E l’impegno dei piccoli gesti quotidiani, quello che ci fa alzare al mattino chiedendoci, «Cosa possiamo fare oggi per gli altri?», è lo stesso che ha guidato Maria Ida, piccola sorella di Gesù, nella sua vita di dedizione al Signore. La sua è stata una testimonianza davvero toccante, perché come fratel Charles de Foucauld, monaco trappista nel silenzio del deserto, al quale si ispira la congregazione, «coniuga la fede come relazione, testimonia l’unità tra l’amore per Dio e l’amore per gli altri. Come Gesù a Nazaret».

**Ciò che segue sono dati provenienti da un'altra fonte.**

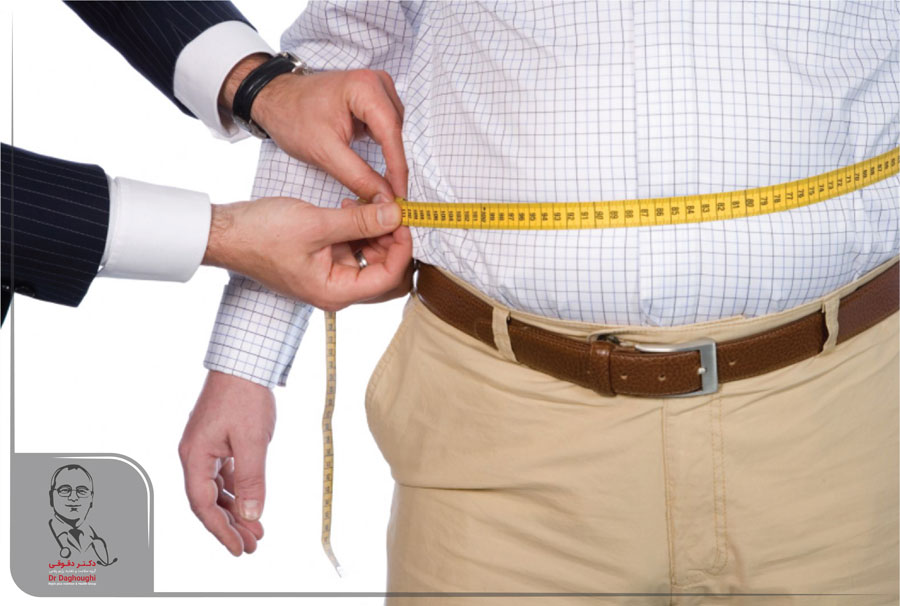 دقیق ترین راه های ارزیابی وزن بدن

La congregazione fondata dalla piccola sorella Magdeleine, che aveva una «fede folle nel Signore padrone dell’impossibile», chiede alle sorelle di vivere come Gesù a Betlemme e a Nazaret, povere tra i poveri, in piccole comunità, che chiamano «le fraternità», spesso ai margini della società, in appartamenti popolari, tende o roulottes, condividendo nella quotidianità la fatica ma anche le speranze degli ultimi fra gli ultimi. La Fraternità fondata in Algeria nel 1939 e consacrata all’islam, con il tempo si estende al mondo intero: nascono fraternità operaie (1946), fraternità orientali (1948), fraternità gitane (1949), fraternità consacrate ai lebbrosi, fraternità sotto le tende con i nomadi. Ogni fraternità, spiega la piccola sorella Maria Ida, «cerca di dare una testimonianza dell’incarnazione di Gesù a Nazareth per raggiungere l’uomo nella sua quotidianità, per mettersi alla scuola dell’altro, in amicizia, unità e fraternità, come ha insegnato fratel de Foucauld».
Unità nell’amore. E’ questo il segreto della piccola sorella Maria Ida. Come de Foucauld ha gridato il Vangelo in mezzo al deserto del Sahara ai più lontani dal Signore, persuaso che musulmani, ebrei e idolatri potessero guardarlo come un fratello, convinto – e qui sta la sua straordinaria intuizione – che la vita di Gesù a Nazaret potesse essere condotta in ogni luogo e in ogni tempo, così Maria Ida vive nella piccola fraternità condividendo con i più poveri ciò che ha e ciò che è, con fiducia e amicizia.
«Il Gesù di Nazaret è già piena rivelazione di Dio che si mostra dal basso», spiega, «umile e pieno di amore per l’umanità. Noi piccole sorelle viviamo nelle Fraternità cercando di dare nel nostro piccolo, attraverso la vita di tutti i giorni, in un tempo percorso da una crisi senza precedenti, testimonianza dell’amore di Dio. Credo davvero che il mondo abbia bisogno di testimoni, di apostoli, di piccole sorelle che vivano il rispetto e l’accoglienza nel quotidiano. Esempi dal basso del grande amore del Signore».